Watsa is the founder, chairman and chief executive of Fairfax Financial Holdings, a $7.7 billion Toronto-based firm, where he has delivered a 5-year cumulative return of 176%, compared to 12.2% of the S&P 500. In 2008, when the market was spiraling to a loss of 37%, he achieved a 21% return for his clients.
Fairfax has a worldwide insurance/reinsurance company operating in over 100 countries with $5 billion of premiums and about $8 billion of shareholders’ capital. Book value per share compounded by 25% per year to $379 per share. Its return on common equity averaged 24% since 1985.
He states in his 2010 shareholder letter, “This rate of compounding in our stock price over the past 25 years is the best in the property and casualty business (there are only nine public companies with a 25-year track record), second best among all companies in Canada and in the top ten companies in the S&P 500.”
After earning his chemical engineering degree from the Indian Institute of Technology, he immigrated to Ontario in 1972 to earn an MBA from the Richard Ivey School of Business of the University of Western Ontario. It was at his first job working for Confederation Life that he was introduced to Ben Graham and David Dodd’s Security Analysis, which forever changed his way of investing. In 1984, Watsa left with his former boss to start their own business, Hamblin Watsa, out of a few individual accounts and $10,000 seed money from a friend in exchange for a third of the shares.
The next year, Watsa started going a Buffett-style path when for $5 million he gained control of Markel Financial Holdings, an insurance company whose $40 million in float he could manage. He has since acquired many other insurance businesses. The set up of Fairfax, as well as its stellar performance, have earned him the title “The Canadian Warren Buffett.”

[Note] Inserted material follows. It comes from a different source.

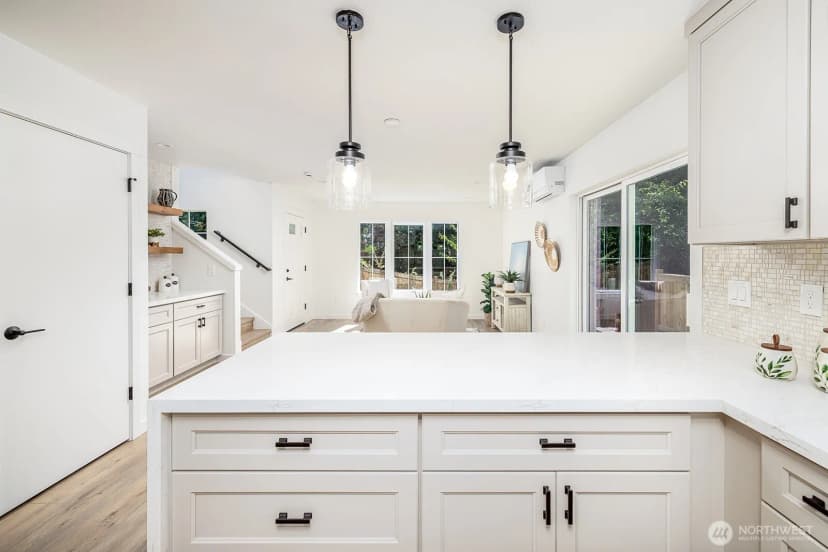 Property photo for 12029 40th Avenue Ne #c, Seattle photo 6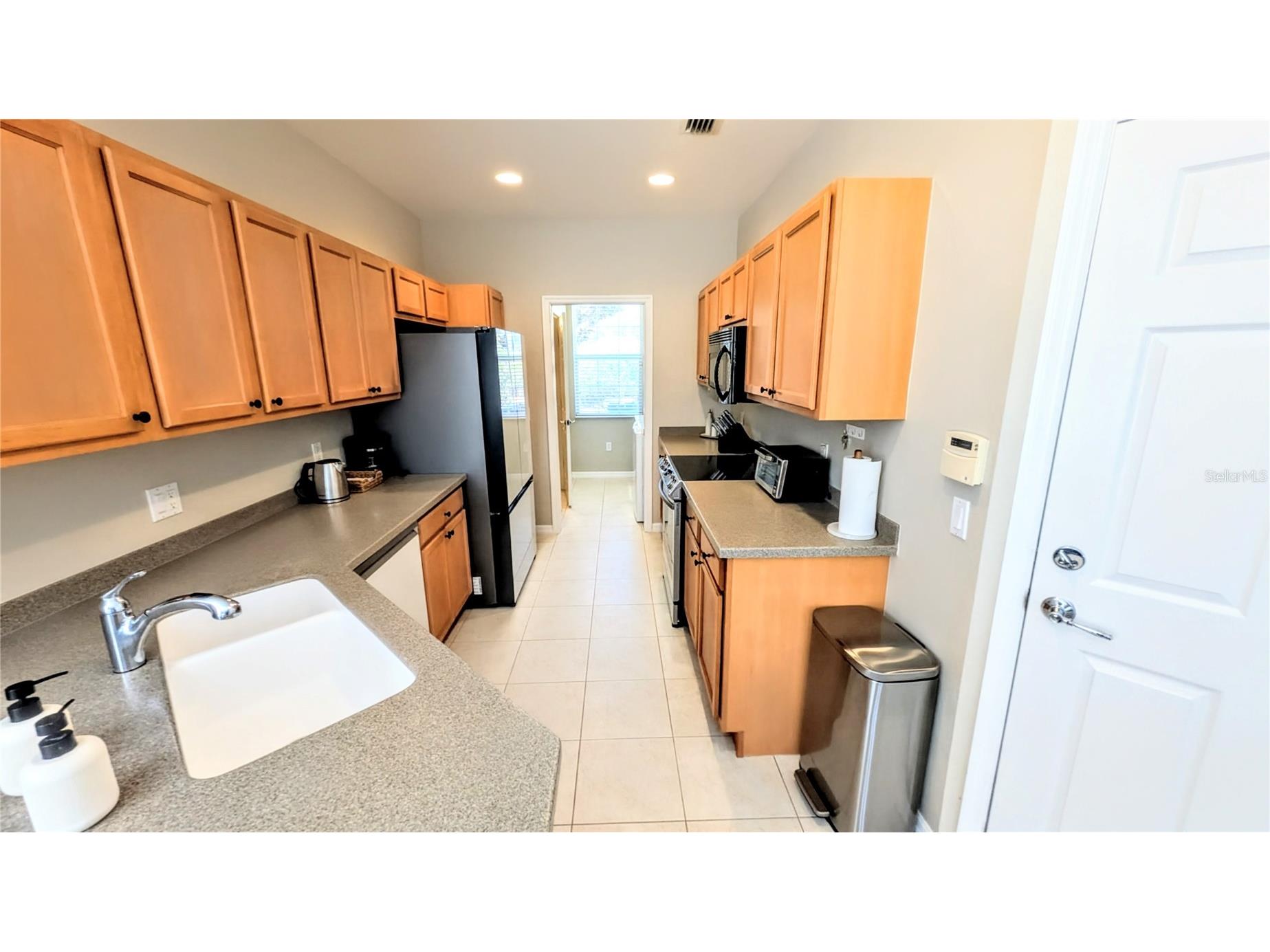 3880 82nd Avenue Circle E #101 Sarasota FL 34243 A4689510 image10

In his first annual report in 1985, he explained the company’s foundation to investors:
“Our investment philosophy is based on the value approach as laid out by Ben Graham and practiced by his famous disciple, Warren Buffett. This means we buy stocks of financially sound companies at prices below their underlying long-term values. We expect to make money over time, not in the next month or two. In fact, in the short term, stock prices could go well below our cost. In our purchases, we are always trying to first protect your capital from long-term losses (as opposed to short-term price fluctuations).”
Fairfax’s 2008 return was due to heroic actions the firm took in the years leading up to the crisis. They first began noticing that reinsurance companies, including AIG, were taking enormous risks in asset-backed, mortgage-backed, high-yield bonds. If the reinsurers’ risk taking lost them money, they would be unable to pay Fairfax. Watsa’s company decided the best way to protect themselves was through credit default swaps (CDSs), which they began purchasing in 2003. By the end of 2006, they had $276 million in CDSs, with a market value of $72 million. When the market crashed, Fairfax began selling its CDSs, and ultimately earned $2.7 billion in 2008.
Watsa gives five primary reasons for the success of Fairfax Financial:
1) A total focus on building long-term shareholder value, defined as a minimum 20 percent annual return on equity over the long term.
2) A decentralized structure, which gives them a meaningful competitive edge.
3) Leadership that is talented and trustworthy, and, most importantly, without big egos.
4) Never compromising on integrity.
5) A strong financial position in order to protect the company and to allow them to take advantage of opportunities.
Fairfax made a 5% return in 2010, due mainly to market-to-market losses in their bank portfolios, particularly in muni bonds primarily as a result of an increase in interest rates, as well as the elimination of significant gains in their stock portfolios due to an almost 100% hedge.
He has hedged his equity exposure so strongly because he believes the recession of 2008 and 2009 was unlike other economic downturns. If it was, he would be aggressively buying stocks. However, he believes the financial crisis was a once-in-a-hundred-year event with the potential for unintended consequences for years to come. “We worry, as we have mentioned to you many times in the past, that the North American economy may experience a time period like the U.S. in the 1930s and Japan since 1990, during which GNP remains flat for 10 to 20 years with many bouts of deflation." His goal is to preserve capital in case the reverberations continue.
Watsa also sees potential bubbles in emerging markets, such as real estate in China. If Chinese demand for commodities evaporates, and U.S. consumers decrease spending, the economy could slow to a crawl.
Watsa’s top holdings as of June 30, 2011, are: Dell Inc. (DELL), AbitibiBowater (ABH), Johnson & Johnson (JNJ), Level 3 Communications Inc. (LVLT), and Research In Motion Ltd. (RIMM). In the last quarter, he bought: Kennedywilson Holdings Inc. (KW), Cninsure Inc. (CISG), New York Times Co. Cl A (NYT), and sold Steward Enterprises Inc. (STEI).